§ WORK ORDER:
All of the entries should be restated word for word, but without their pictures.

§ RECORDS:
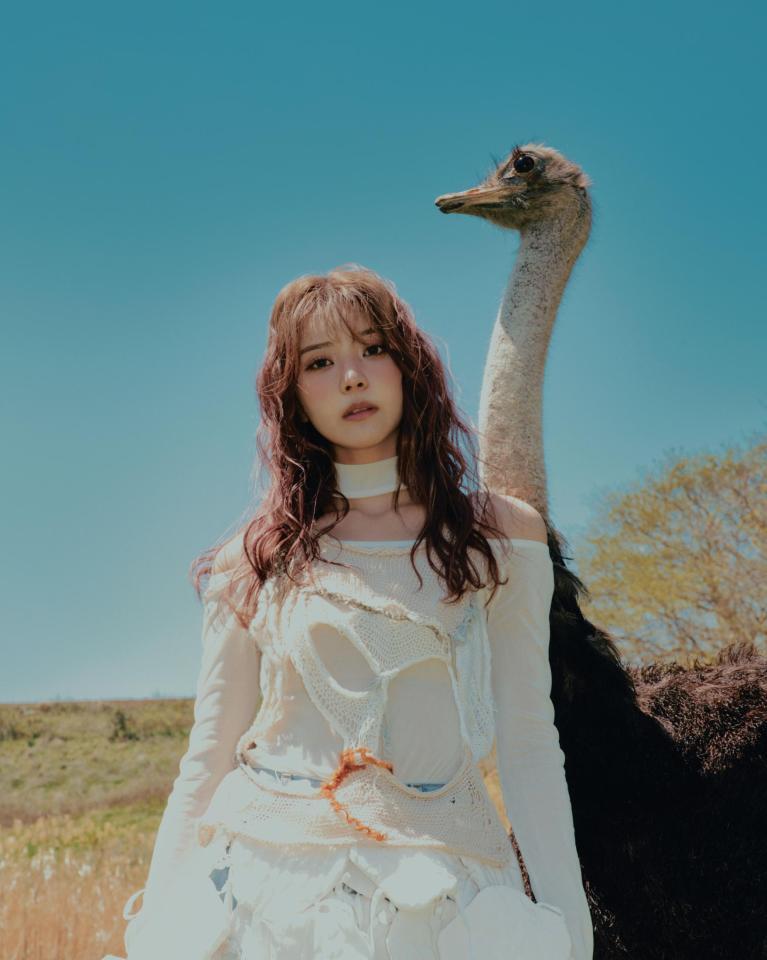 　ソロデビューが決定した小林由依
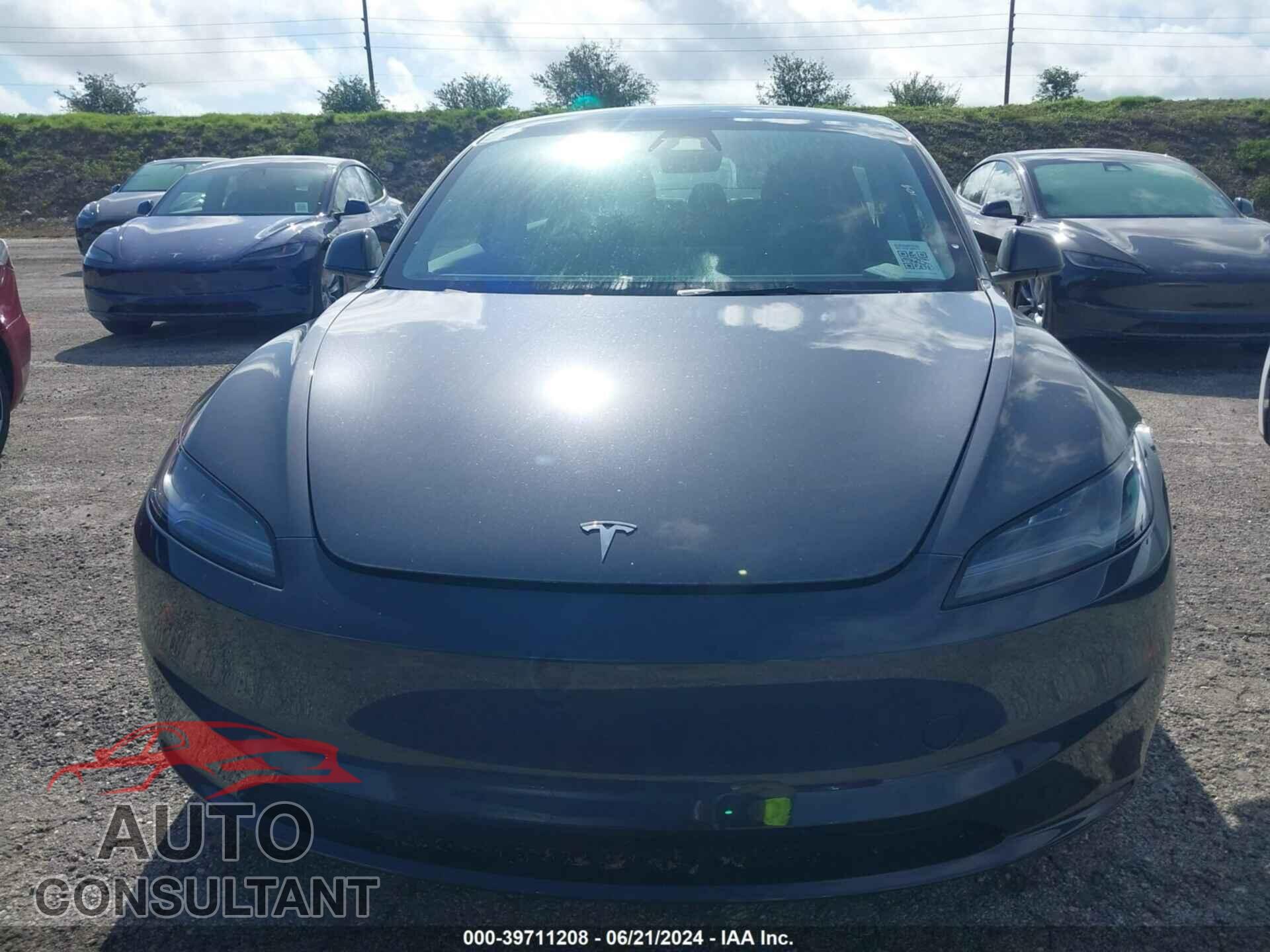 TESLA MODEL 3 2024 - 5YJ3E1EA5RF751289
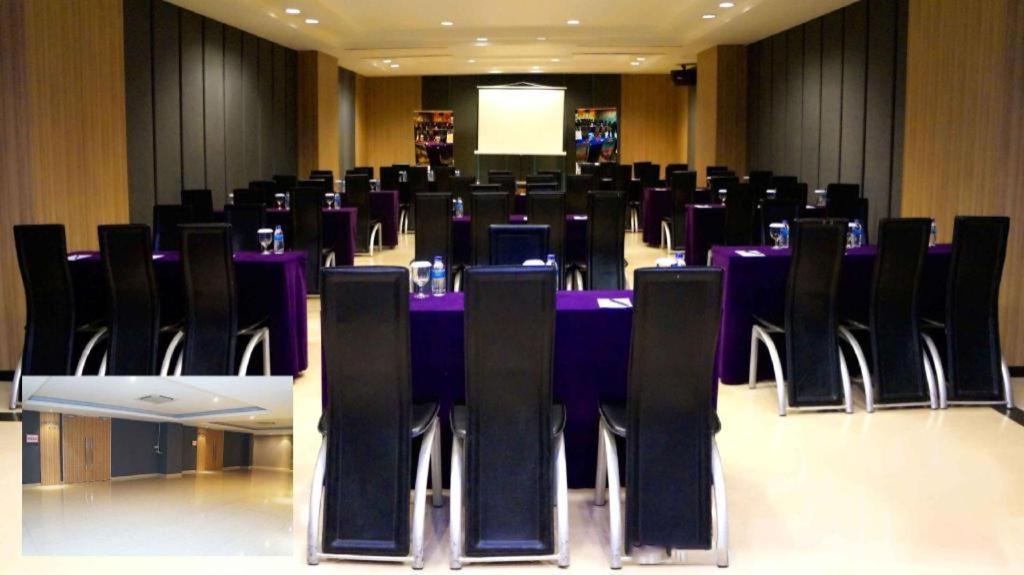 Orchardz Hotel Gajah Mada Pontianak Exterior photo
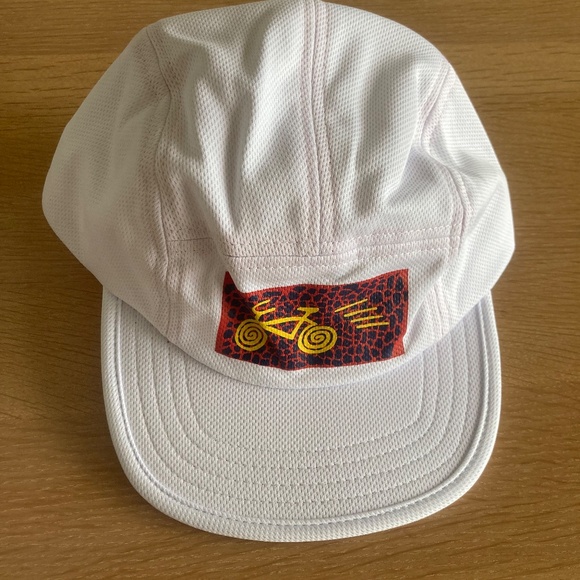 New Shredders Digest Cycling Cap Hat White - Picture 8 of 9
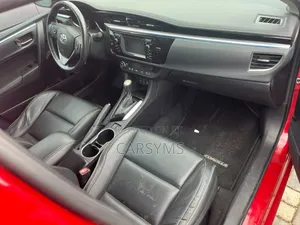 Toyota Corolla 2014 Red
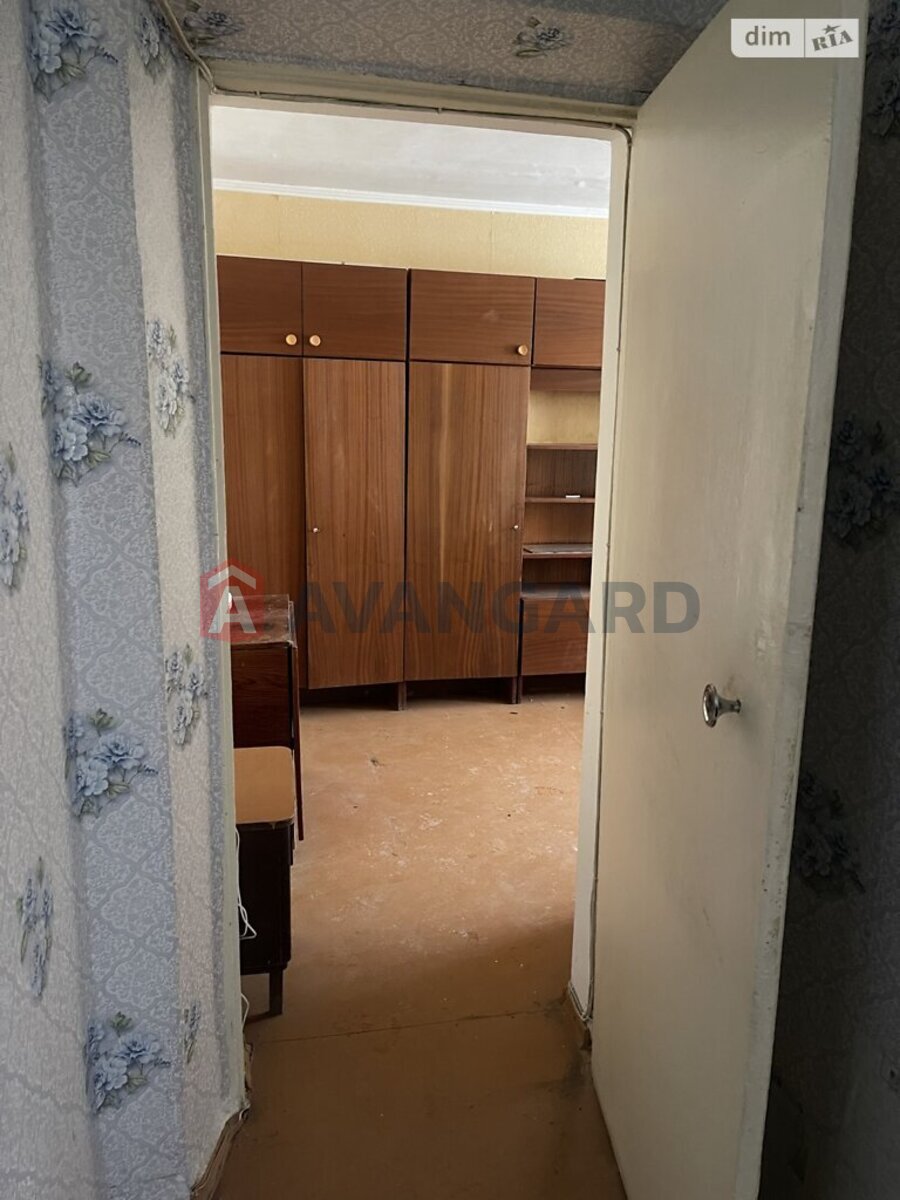 2 ��. ��������, 46/28/6 ��. �., 4/5 ������ ���� 12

§ ANSWER BOX:
 　ソロデビューが決定した小林由依
 TESLA MODEL 3 2024 - 5YJ3E1EA5RF751289
 Orchardz Hotel Gajah Mada Pontianak Exterior photo
 New Shredders Digest Cycling Cap Hat White - Picture 8 of 9
 Toyota Corolla 2014 Red
 2 ��. ��������, 46/28/6 ��. �., 4/5 ������ ���� 12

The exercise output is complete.